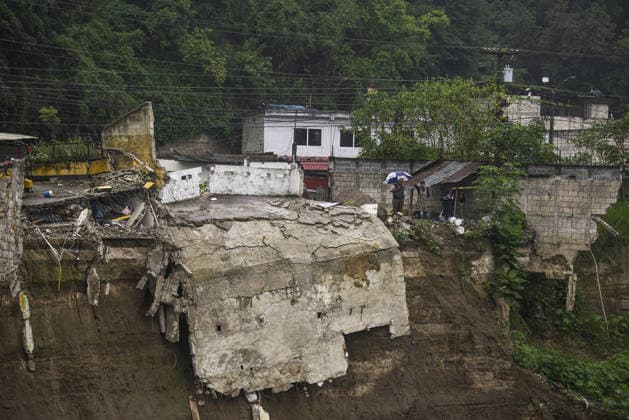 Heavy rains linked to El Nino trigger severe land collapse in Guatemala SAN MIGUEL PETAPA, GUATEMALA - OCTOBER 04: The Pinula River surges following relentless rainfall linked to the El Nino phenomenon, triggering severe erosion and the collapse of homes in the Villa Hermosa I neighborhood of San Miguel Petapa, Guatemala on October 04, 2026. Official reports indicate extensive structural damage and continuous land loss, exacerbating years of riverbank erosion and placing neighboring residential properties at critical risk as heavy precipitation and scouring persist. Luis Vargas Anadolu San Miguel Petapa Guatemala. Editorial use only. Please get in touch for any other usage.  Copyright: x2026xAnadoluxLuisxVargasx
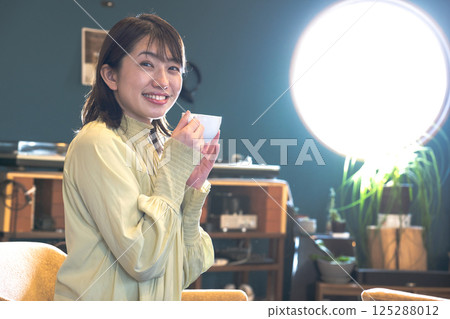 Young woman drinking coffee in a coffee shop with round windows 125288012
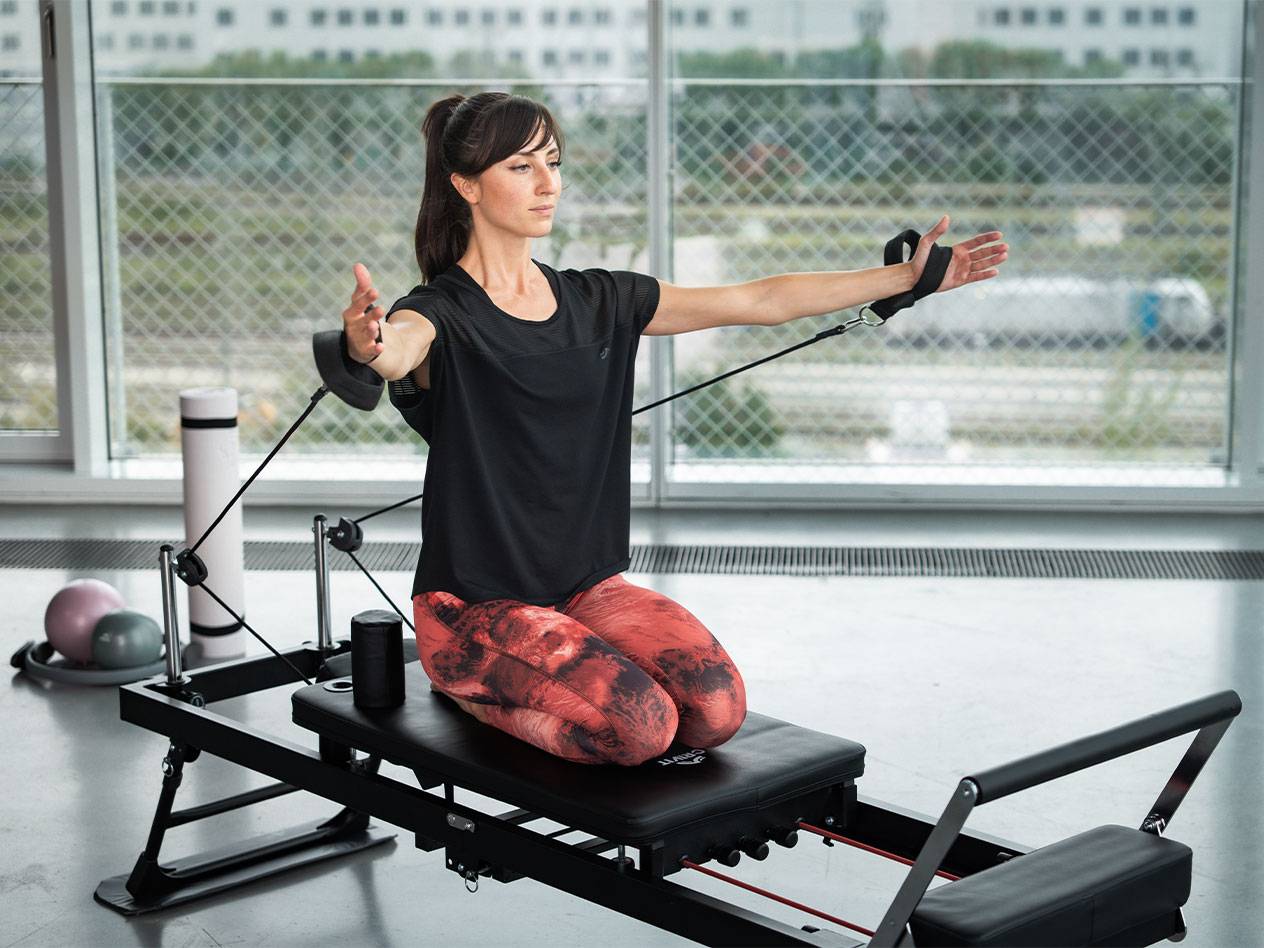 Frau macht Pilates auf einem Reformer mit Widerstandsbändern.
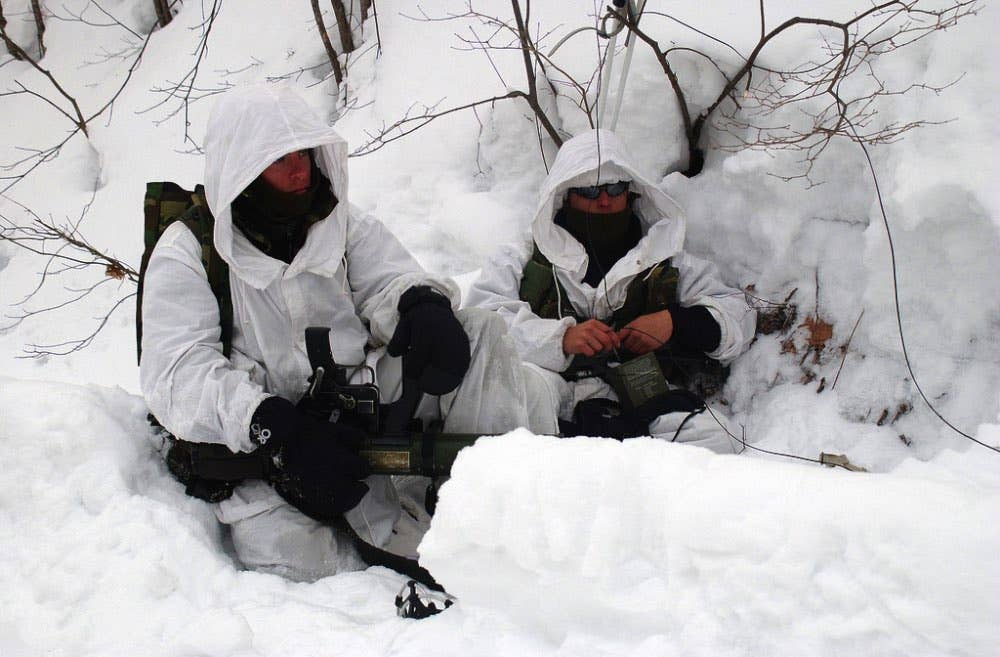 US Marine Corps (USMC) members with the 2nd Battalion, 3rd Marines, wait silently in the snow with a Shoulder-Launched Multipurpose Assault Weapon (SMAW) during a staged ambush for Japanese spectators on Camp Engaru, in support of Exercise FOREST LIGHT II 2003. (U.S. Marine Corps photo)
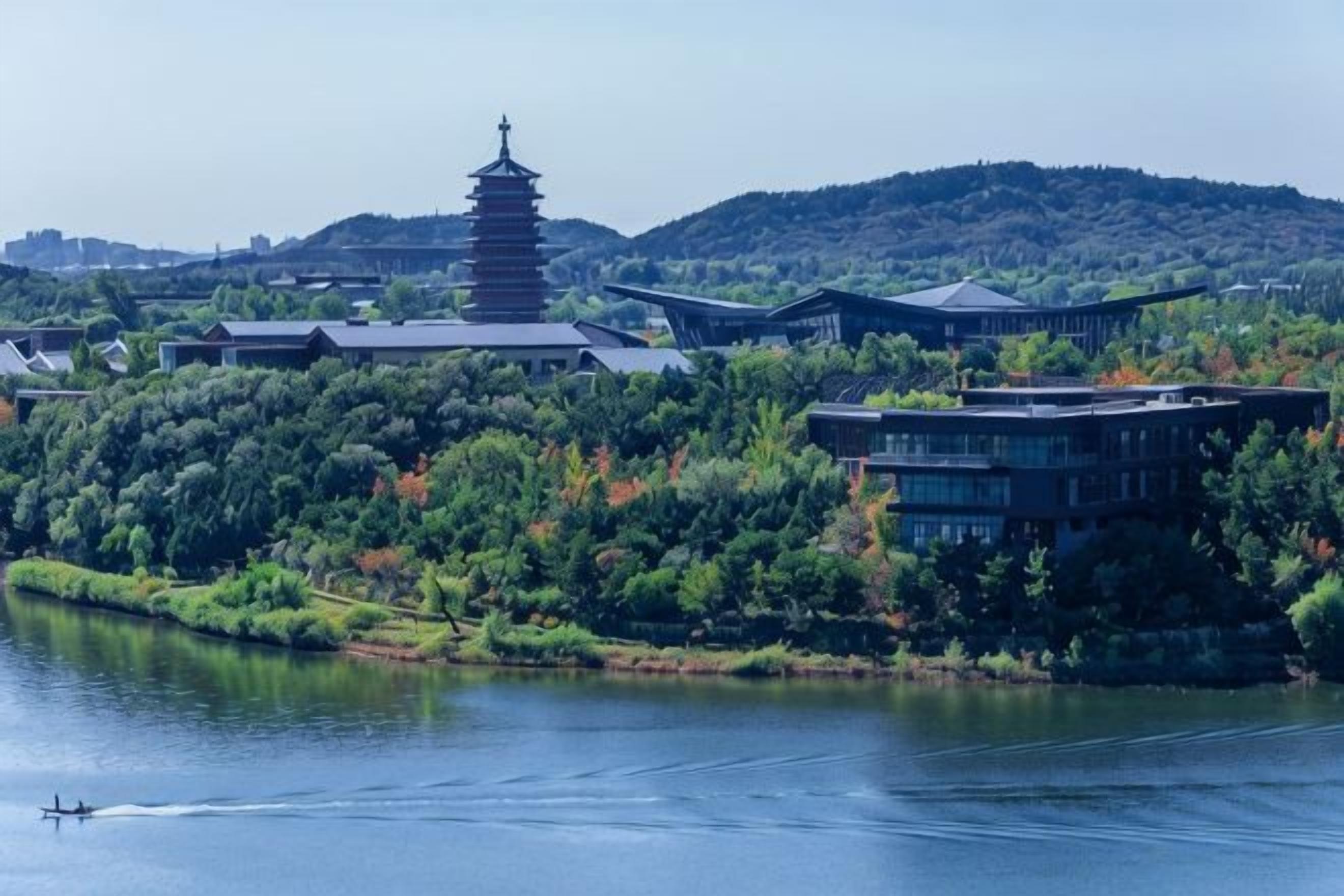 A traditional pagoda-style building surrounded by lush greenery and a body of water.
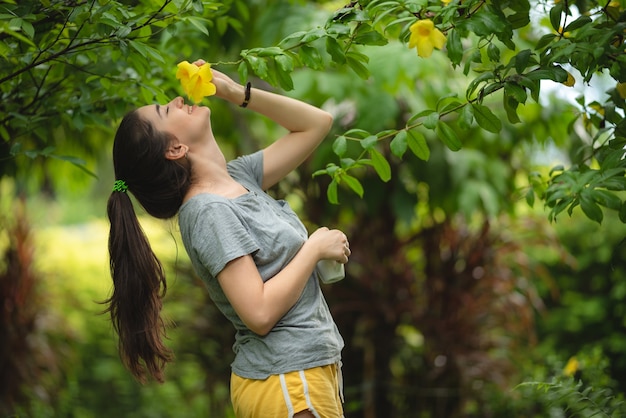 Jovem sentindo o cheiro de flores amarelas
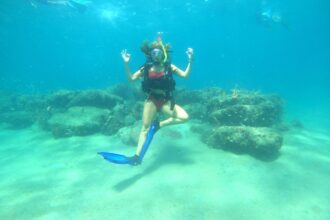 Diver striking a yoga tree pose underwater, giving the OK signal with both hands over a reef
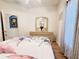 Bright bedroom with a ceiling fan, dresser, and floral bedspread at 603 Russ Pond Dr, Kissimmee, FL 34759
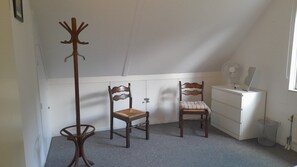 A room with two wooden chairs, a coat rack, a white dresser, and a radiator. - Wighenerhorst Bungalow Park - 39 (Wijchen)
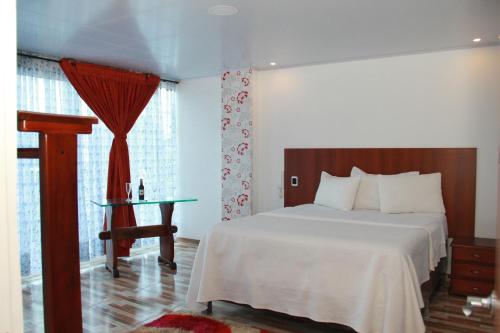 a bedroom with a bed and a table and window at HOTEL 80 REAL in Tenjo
+---+
### Exercise
Starting at the line above that holds "Jovem sentindo o cheiro de flores amarelas", return each line up to and including the one that holds "Bright bedroom with", exactly as written, minus any pictures.

### Answer below
 Jovem sentindo o cheiro de flores amarelas
 Diver striking a yoga tree pose underwater, giving the OK signal with both hands over a reef
 Bright bedroom with a ceiling fan, dresser, and floral bedspread at 603 Russ Pond Dr, Kissimmee, FL 34759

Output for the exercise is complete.